Rassuré par le lancement de plusieurs réformes structurelles, comme celle, emblématique, du Code du travail, qui n’ont pas déclenché une révolte populaire, le gouvernement a cru possible de s’attaquer au dinosaure ferroviaire et même d’aller très vite, en procédant, comme pour le Code du travail, par ordonnances.
La riposte syndicale est, au moins sur le papier, colossale. La grève, en réalité, n’est ni perlée, ni alternée. Elle va durer trois mois pendant lesquels les jours travaillés par les cheminots seront presque aussi chaotique au niveau des horaires et de la fréquence des trains que les jours chômés. L’impact de ce mouvement sur l’économie française, notamment le tourisme, sera très négatif et nous fera perdre une fraction du taux de croissance.
Les cheminots nous répètent qu’ils attendent une « convergence des luttes », c’est-à-dire l’agrégation des mécontentements qui équivaudrait à l’arrêt de travail de plusieurs secteurs économiques.

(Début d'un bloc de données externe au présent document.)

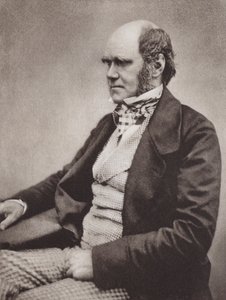 Charles Darwin, retrato, c 1854, a partir de una fotografía de Maull  Fox (foto b/n) de English Photographer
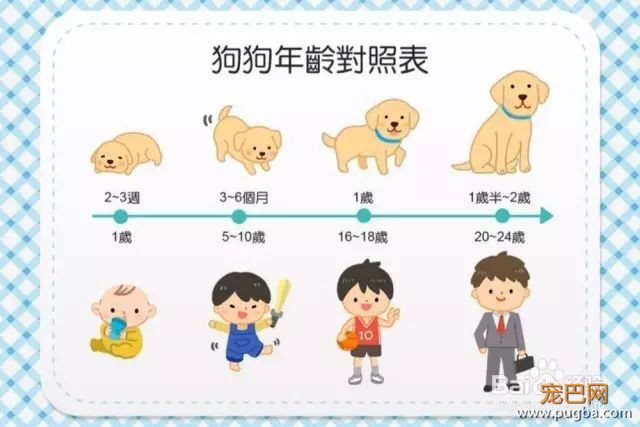 训练狗狗上厕所的五种方法！只要方法对，谁都教的会！-5.jpeg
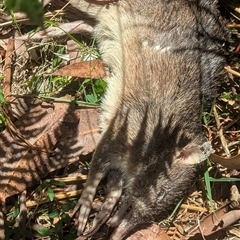 Perameles nasuta at Vincentia, NSW - 9 Mar 2025 12:47 PM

Pourquoi pas un mai 2018 que tout inspire, la mémoire de mai 68, la diminution du pouvoir d’achat des retraités, et un soutien à la réforme qui flanche quand une catégorie professionnelle est touchée par ses effets ? Le gouvernement peut toujours espérer que les cheminots prennent leurs désirs pour des réalités. Les médias poussent des cris d’horreur devant la paralysie des transports, et ils insistent sur des mouvements disparates qui n’ont pas de cause commune, ce qui contribue, bien sûr, à l’inquiétude du public. En réalité, il est beaucoup trop tôt pour déceler une coagulation de toutes les colères sociales capables de déstabiliser le pouvoir. Personne n’y croit, pas même les partis politiques de l’opposition qui n’ignorent pas la solidité des institutions. Le pire qu’il puisse arriver, c’est que le président de la République renonce à la réforme, mais là encore, rien ne montre qu’il serait tenté par un abandon. De là à imaginer des élections anticipées induites par une dissolution de l’Assemblée, il y a un pas qu’on ne saurait franchir. Pour le moment, il s’agit d’une crise sociale, pas politique.
Tout dépend de l’opinion
Dans un premier temps, les pouvoirs publics ont toutefois amorcé un repli tactique. Si Guillaume Pépy, président de la SNCF, souligne de façon alarmiste les conséquences de la grève sur la vie professionnelle de millions de salariés, le gouvernement s’est hâté d’annoncer qu’il ne procèderait pas par ordonnances pour ce qui est de l’organisation de la concurrence à la fin de 2020. Mais il ne reviendra pas sur le statut des cheminots qui, à lui seul, rend très vulnérable la SNCF à la concurrence et il est décidé à le supprimer pour les nouvelles embauches.
La ministre des Transports, Elisabeth Borne, ne cache pas sa consternation : elle demeure convaincue que la négociation, jamais interrompue avec les syndicats, peut produire un compromis. Ne fût-ce que pour des raisons de communication, personne ne s’oppose par principe à la réforme et les syndicats reprochent principalement au gouvernement ses manières cavalières et autoritaires. Malheureusement, telle qu’elle est lancée, l’épreuve de force risque de conduire les parties à l’absolutisme et, si les syndicats pouvaient triompher, ce qui n’est pas sûr, ils seraient contents d’annoncer l’abandon pur et simple de la réforme.
Pour le moment, selon un sondage Elabe, seulement 43 % des Français sont hostiles à la grève et continuent de soutenir la réforme de la SNCF, mais ce pourcentage augmentera sans doute avec la lassitude et la colère des usagers dès cette semaine. En France, il n’y a pas de revendication sociale qui ne passe pas par la prise en otage des clientèles. On peut dénoncer l’arrogance d’Emmanuel Macron, on ne peut pas nier celle des syndicats qui ajoutent à une certaine violence une once d’hypocrisie quand ils prétendent servir les intérêts des usagers.